Book Genre Prediction using Book Summary

The aim of the project is to apply the principles of text mining on a piece of literary text, and categorize it into the genre into which it best fits.

IPython Notebook has been used for this project.

The dataset that have been used here is a subset of the CMU Book Summary Dataset available at CMU Book Summary Dataset. Dataset was unevenly distributed at the beginning. After days of data wrangling we could attain some uniformity in the dataset. The processed dataset has been uploaded as BookDataSet.csv , which has 6 main genres - "Crime Fiction", "Fanstasy", "Historical novel", "Horror", "Science Fiction", "Thriller".
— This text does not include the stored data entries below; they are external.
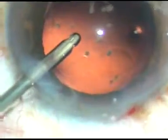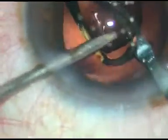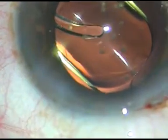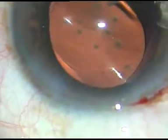Now a little bit of enlargement of the main incision. In this case I am using a hydrophobic acrylic intraocular lens, and it is being implanted under irrigating fluid. The irrigating fluid is keeping the anterior chamber formed, and the lens goes into the capsular bag.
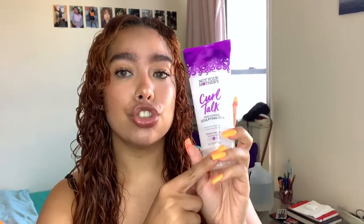After styling with the Denman brush, I go in with my gel. The gel I'm using is Not Your Mother's Frizz Control Sculpting Gel. I take about that much for one section and build up if I need to. I scrunch the gel in — you can tell the curls start forming as I scrunch. Then I flip my hair and add more gel to get the roots and back sections I couldn't reach before.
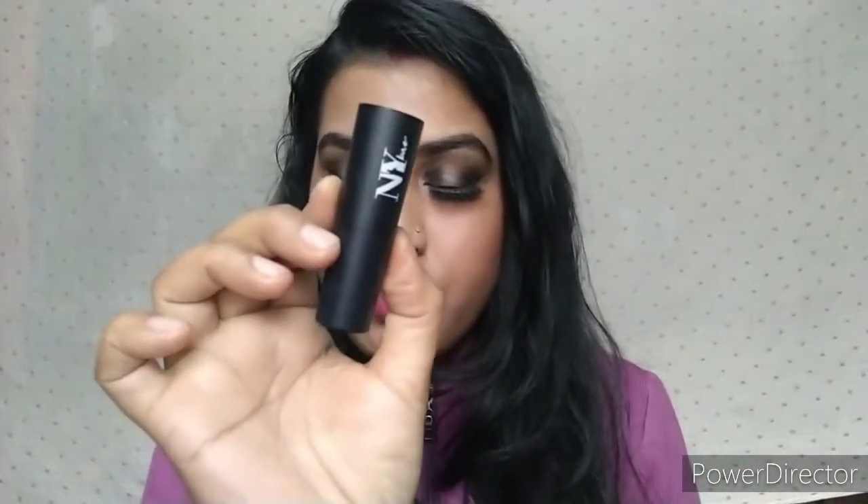I have used NYB Contouring Stick because in NYB there is no powder contour. My shade is 07 Toast. There is a lot of cream contour and it is very easy to blend. It is very good for contouring your face, and these products are very inexpensive and very good quality.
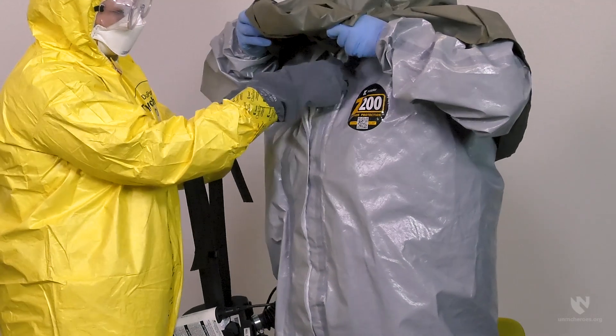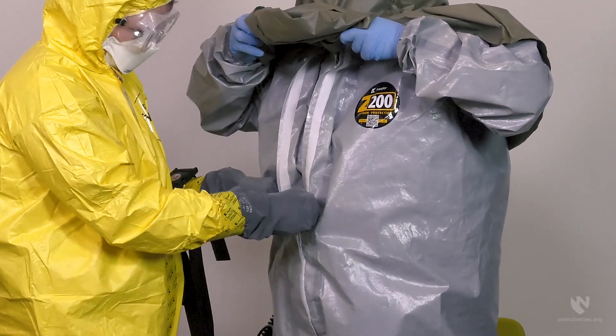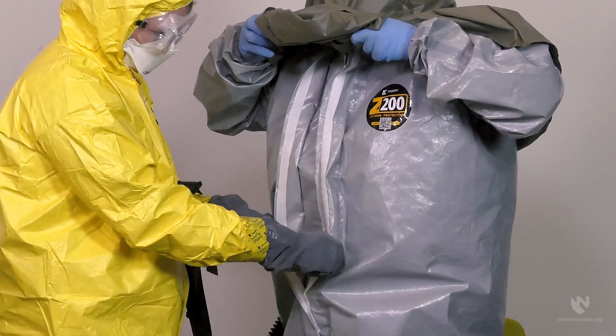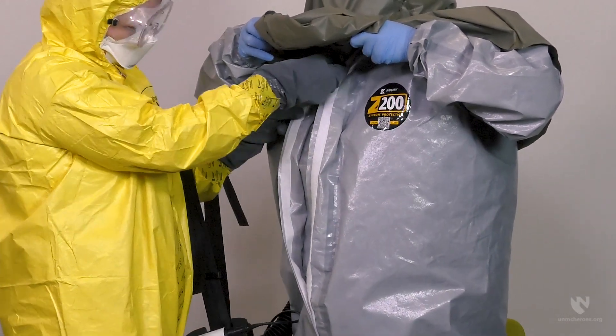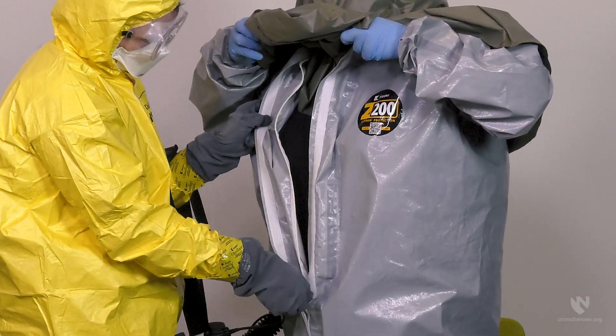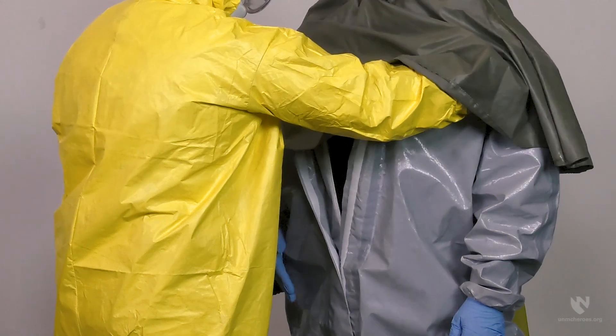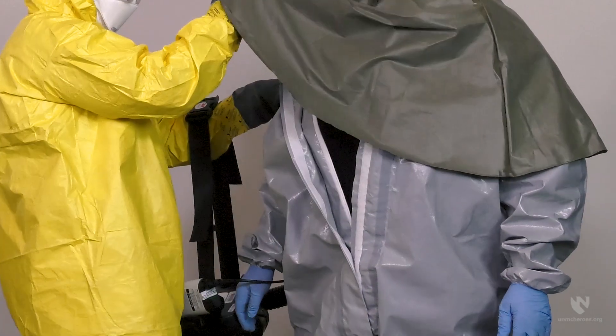The doffing partner should then open the exterior zipper seal, unzip the suit, and begin to remove the suit. Touch only the exterior surfaces as the suit is removed from the shoulders. Do not reach inside the suit at the shoulders when starting the removal process.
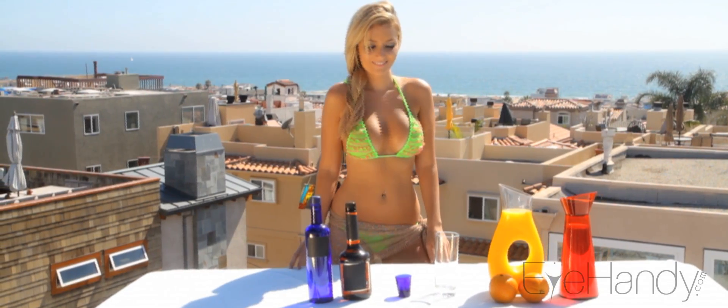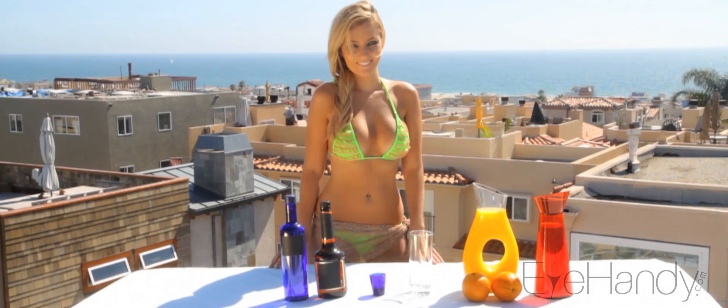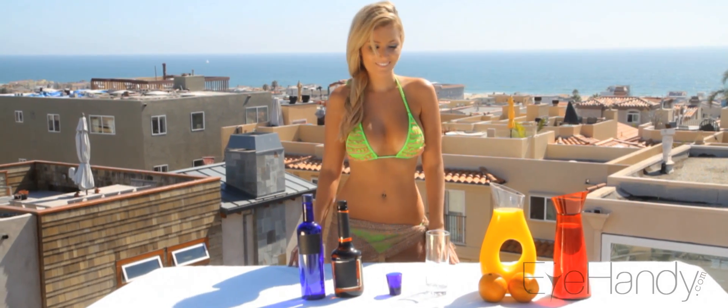Welcome to iHandy.com. Want to have a delicious cocktail at your next party? Tara is here to show you how to make Sex on the Beach for you and the ladies.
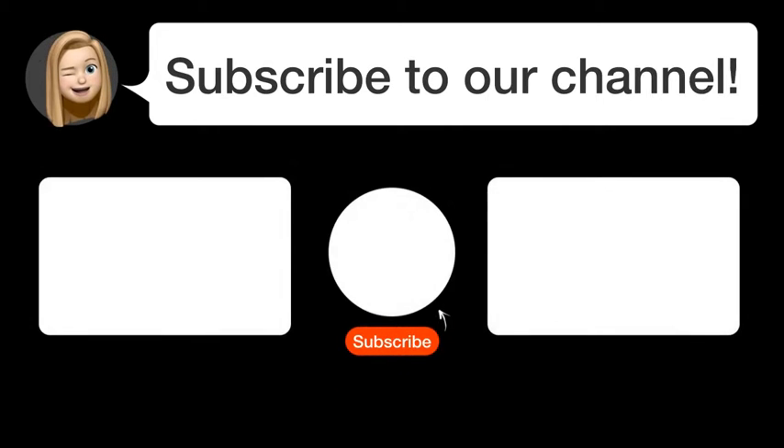Did you find this video helpful? By subscribing, you help us continue to answer users' questions, so subscribe to our channel. Thanks for watching and see you in the next video.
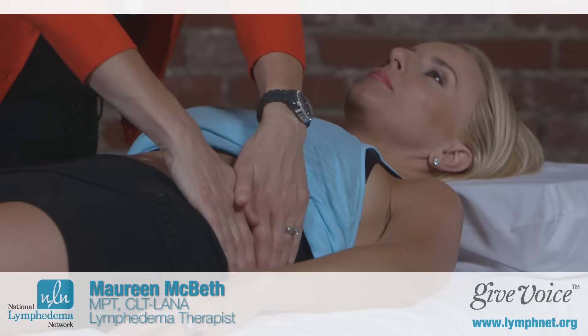When combined together, this technique takes approximately 45 minutes. It's very gentle and often has an analgesic or pain-relieving effect, and it can relax you. You may even fall asleep during this technique.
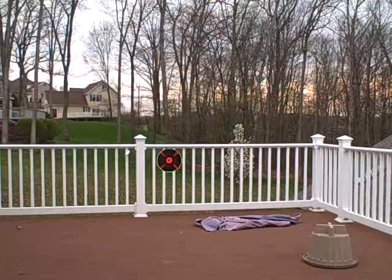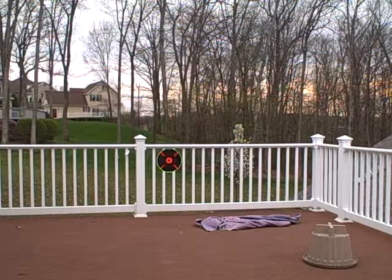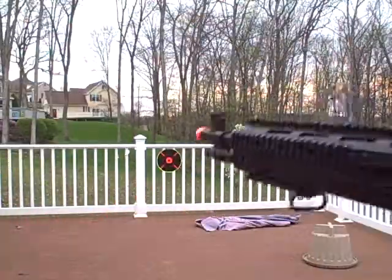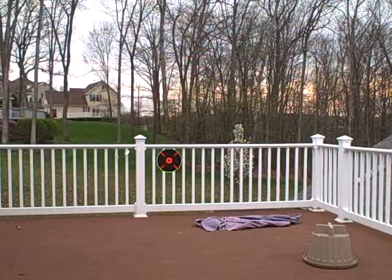Okay, here's the target practice. I'll bring you up closer on where I've hit, which I've done here. This is the gun. I've put all the scopes and flashlight and stuff on it, but here we go.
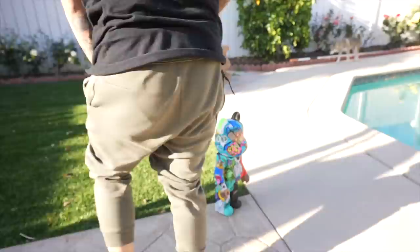Guys, it is finally done. After so many days and hours putting this thing together, it is finally done. Here is the official Chino x DDG Bearbrick.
The goal of this repository is to provide an example for performing Text Classification using the techniques of Natural Language Processing.
The highest accuracy was obtained during a 85-15% split while using a SVM with Radial Basis Function as the kernel function. The highest accuracy is 79.55%.
Required Libraries
- Pandas
- NumPy
- Scikit-Learn
- Matplotlib
- Seaborn
- NLTK

For viewing the whole code -

Data pre-processing

Let us have a look at the "summary" column.

Preprocessing the "summary" column and making it ready for prediction.
At first the the "summary" is traversed and only the alphabets are kept while filtering out everything else and then the alphabets are converted into lowercase.

Visualizing words and their frequency in the "summary".

Removing stop words.

Another part of data cleaning is the removal of stop words – that is, common words like “the”, “a”, “an”. They are assumed to have no consequence over the classification process.

Lemmatization

In lemmatization, the different versions of the same word are put into one – for example, “do/doing/does/did”, “go/going/goes/went” – so as to not let the algorithm treat similar words as different, and hence, make the analysis stronger.

Stemming

Stemming is the process of producing morphological variants of the root/base word. Stemming reduces the words “chocolates”, “chocolatey”, “choco” to the root word, “chocolate” and “retrieval”, “retrieved”, “retrieves” reduce to the stem “retrieve”.

Visualizing the words in book's summary after successfully pre-processing.

Finally tf-idf is performed on the data set. This numerical statistic reflects the fact that how a word is important in a document.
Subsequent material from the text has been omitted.